Esa convulsión de la que hablaba tomaría hoy el sesgo de una conversión. Una conversión de hecho y tendencialmente universal: en vías de mundialización. Porque si, como creo, el concepto de crimen contra la humanidad rige la acusación de esta autoacusación, de este arrepentimiento y de este perdón solicitado; si, por otra parte, una sacralidad de lo humano puede por sí sola, en última instancia, justificar este concepto (nada peor, en esta lógica, que un crimen contra la humanidad del hombre y contra los derechos del hombre); si esta sacralidad encuentra su sentido en la memoria abrahámica de las religiones del Libro y en una interpretación judía, pero sobre todo cristiana, del “prójimo” o del “semejante”; si, en consecuencia, el crimen contra la humanidad es un crimen contra lo más sagrado de lo viviente, y por lo tanto contra lo divino en el hombre, en Dios-hecho-hombre o el hombre-hecho-Dios-por-Dios (la muerte del hombre y la muerte de Dios denuncian aquí el mismo crimen), entonces la “mundialización” del perdón semeja una inmensa escena de confesión en curso, por ende una convulsión-conversión-confesión virtualmente cristiana, un proceso de cristianización que ya no necesita de la Iglesia cristiana.

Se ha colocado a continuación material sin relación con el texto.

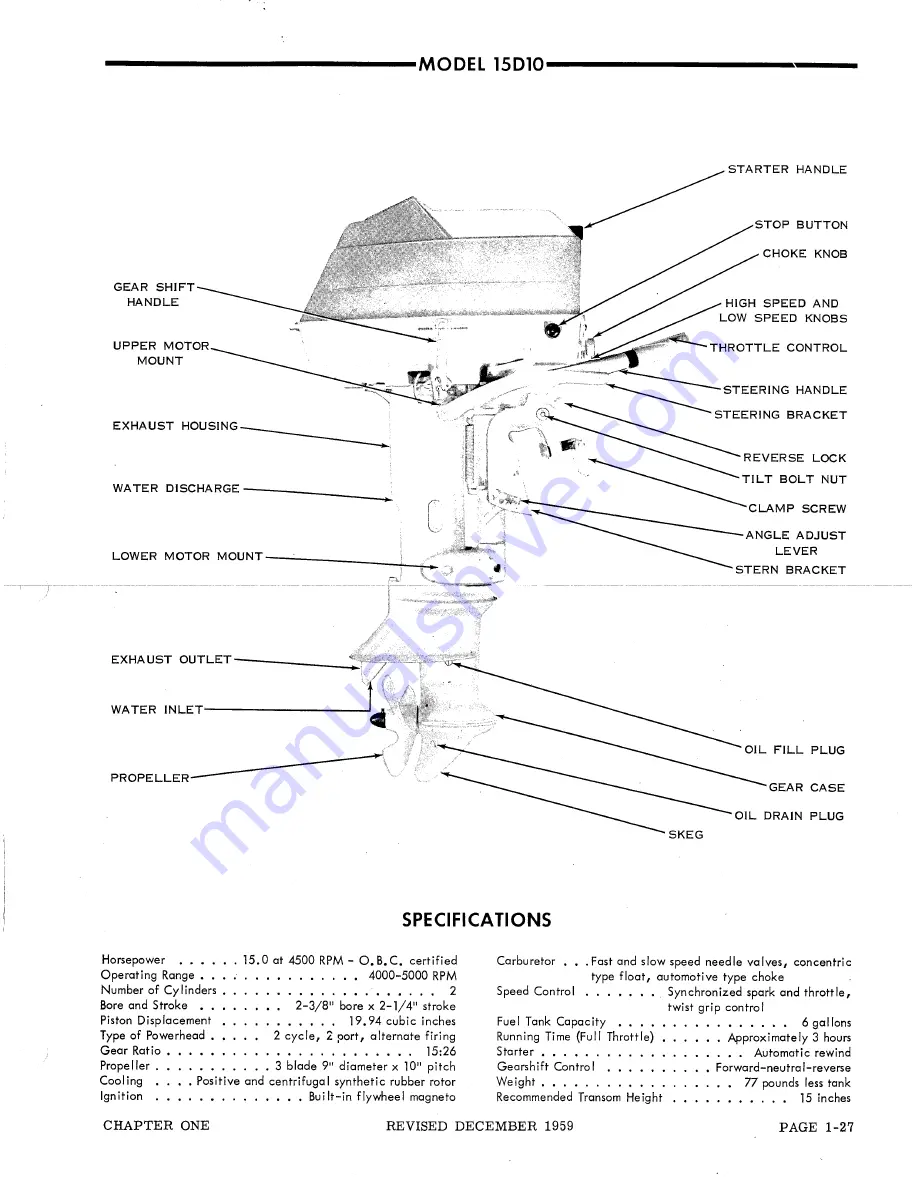 Gale 3D10 Service Manual Download Page 43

Si, como sugería hace un momento, ese lenguaje atraviesa y acumula en él potentes tradiciones (la cultura “abrahámica” y la de un humanismo filosófico, más precisamente de un cosmopolitismo nacido a su vez de un injerto de estoicismo y de cristianismo paulino), ¿por qué se impone hoy a culturas que no son originalmente ni europeas ni “bíblicas”? Pienso en esas escenas donde un primer ministro japonés “pidió perdón” a los coreanos y a los chinos por las violencias pasadas. Presentó ciertamente sus heartfelt apologies a título personal, sobre todo sin comprometer al emperador a la cabeza del Estado, pero un primer ministro compromete siempre más que una persona no pública. Recientemente hubo verdaderas negociaciones al respecto, esta vez oficiales y reñidas, entre el gobierno japonés y el gobierno surcoreano. Estaban en juego reparaciones y una reorientación político-económica. Esas tratativas apuntaban, como casi siempre ocurre, a producir una reconciliación (nacional o internacional) propicia a una normalización. El lenguaje del perdón, al servicio de finalidades determinadas, era cualquier cosa menos puro y desinteresado. Como siempre en el campo político.